The moon was shining potently while all
the statues beneath seemed to breathe.

14.

Persistently he kept his addled mind
in a semi-medititative state, while
booming crickets raised several tones
in the air, and the puddle before him

gave reflections of the moon. The statues
were seemingly pointing at the puddle,
and the moon was knowingly bouncing off
stolen light. He felt robbed at heart.

15.

In the hallowed morning, upon rising
the pilgrim distinctly heard kind voices
of angels like children singing praise
in a foreign language. His next choice

had been set in stone. He would return
to the Castle, and work without rest
toward the purpose he had finally found.
He would now follow the inner instincts.

dream interpreter – Part 1 : 4-9

4.

In trying to understand the dream-symbols
of another person, we fill in the gaps with our
own interpretation, assuming our perceptions
to be comparable. Visions and ill-dreams are

gap-fillers in themselves.

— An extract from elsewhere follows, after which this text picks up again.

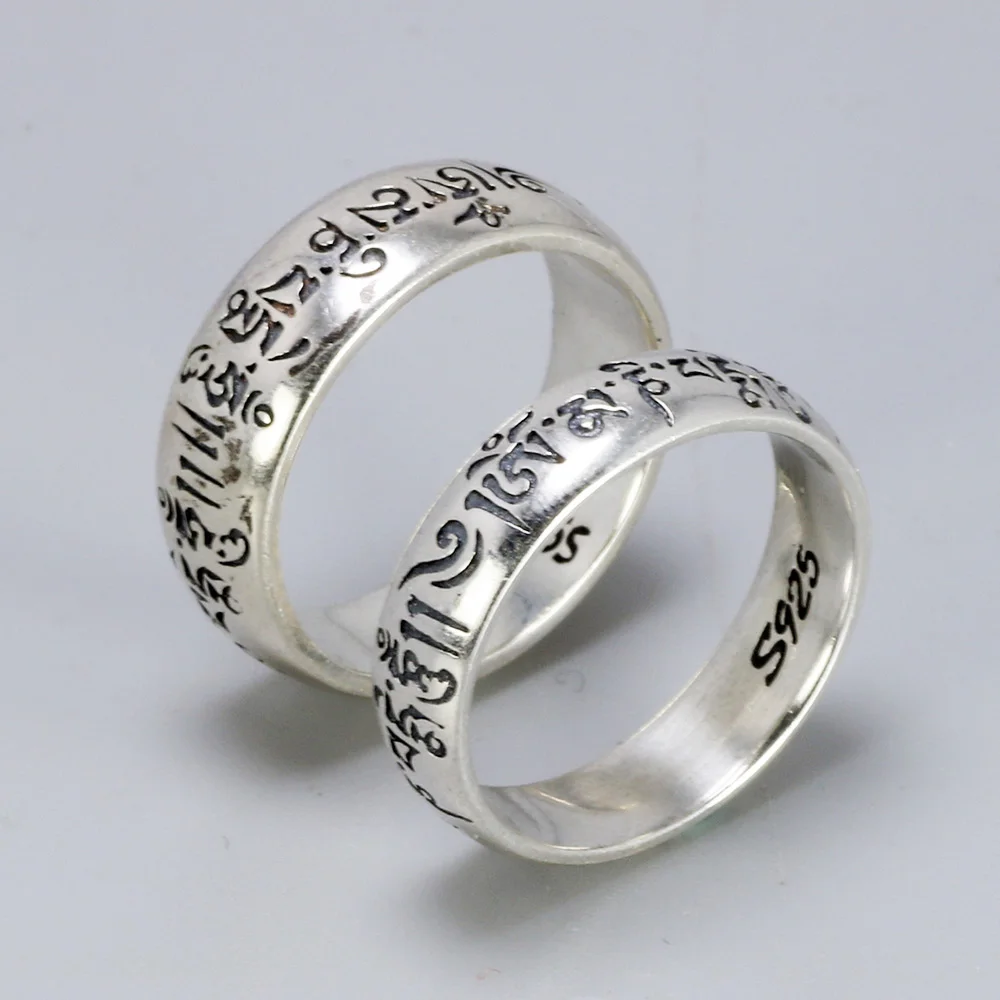925 пробы серебряные кольца для мужчин и женщин шесть слов Ом Мани Падме Хум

What is a dream, a vision?
A message from God, as the ancient Greeks intended?
A message from the unconscious? An electrical
phenomenon to be decoded by a quantum computer?

5.

Slowly, the pilgrim rose from the bed of wood,
he moved toward the door. From the other side
of the room, through the window overlooking
the swamp, there came a strong flash of light.

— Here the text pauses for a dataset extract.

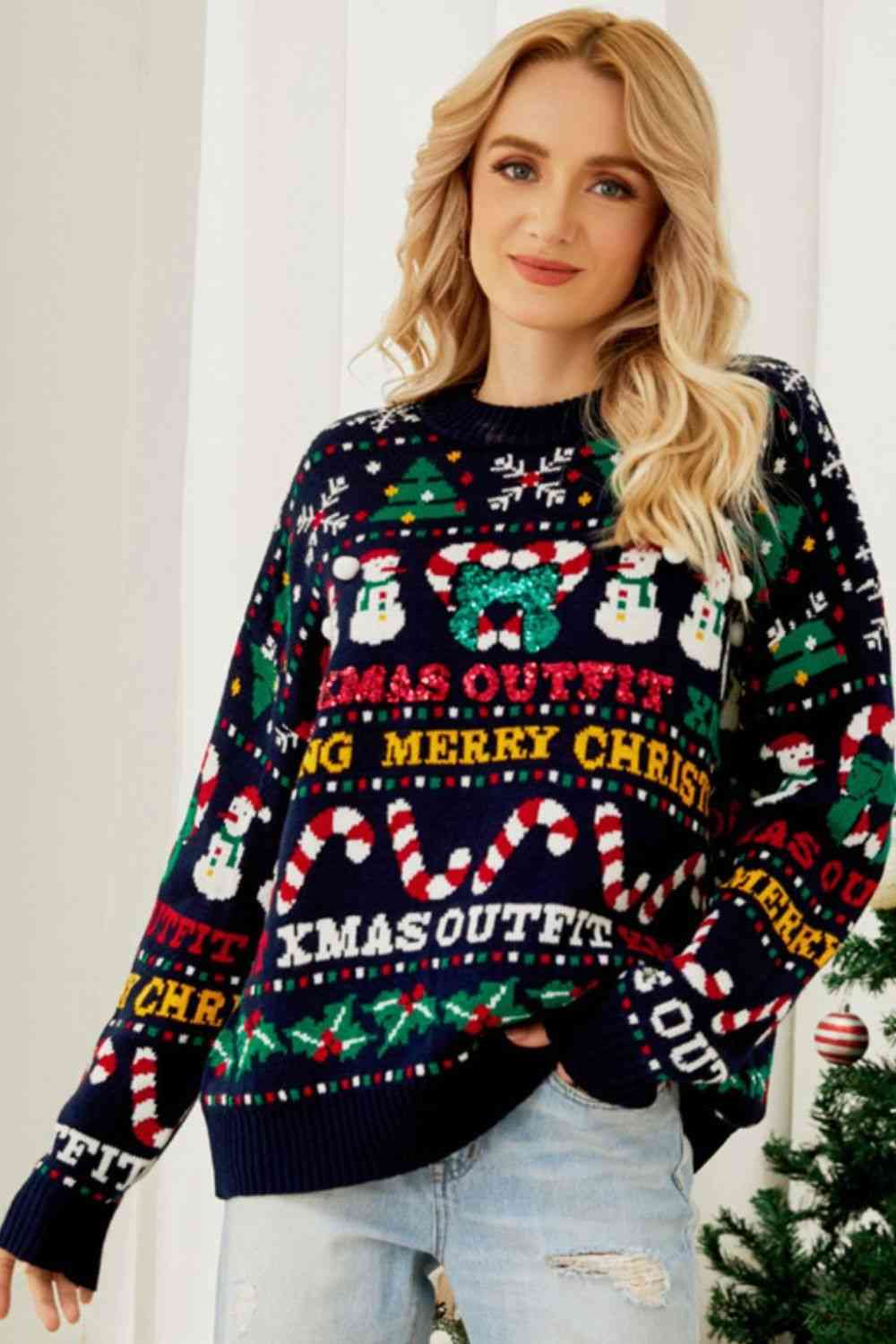 Christmas Print Crewneck Dropped Shoulder Sweater Jassorted Navy S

The light was blinding, and he felt confused.
Suddenly all the room lit up; a strange whirring
sound began to drone, like a machine had started.
A heavy undecipherable scent came and stayed.

6.

What the shadow on the wall wrote is subject
of much debate in his frayed mind. It so appeared
then to him, that the devil or a spirit took form
on the wall opposite to the window’s shining light.

The shadow was mocking him with an incredible
jig in a frenzy. As he looked on in amazement, he
saw the monster’s face distort in disgust. Then it
turned from running to a comedy of his artistry.

7.

At home in the Castle, the pilgrim was reknowned
for being a failed artist, and his folly had brought
him far abroad in mysterious lands to seek the light.
Now the spirit was mocking his efforts and talents.

It was all so very personal, as if in this cursed
night all the threads in his life had come together
in a knot, and the knot was being unravelled
before his eyes. His painting was exhausting.

8.

And the shadow on the wall was proving to
him the utter meaninglessness of his efforts,
and the purple light in the middle of the room
was shining all the brighter, and the sound

of mechanical humming was drilling in his ears,
and the scent of spice and moist dread was
filling his senses to the brim. Somewhere outside,
the damp skies hidden from view saw a lightning.

9.

Then a thunder broke the silence, a hard bell toll.
It was a wake-up call for the little foolish pilgrim
looking at the shadows in his monastery cell.
He believed he was being summoned by God.

He was being tested, or so he thought. All of his
life streamed in front of him, and he followed
the mocking dance of the black shadow on the
stained wall until a sharp rain burst his bubble.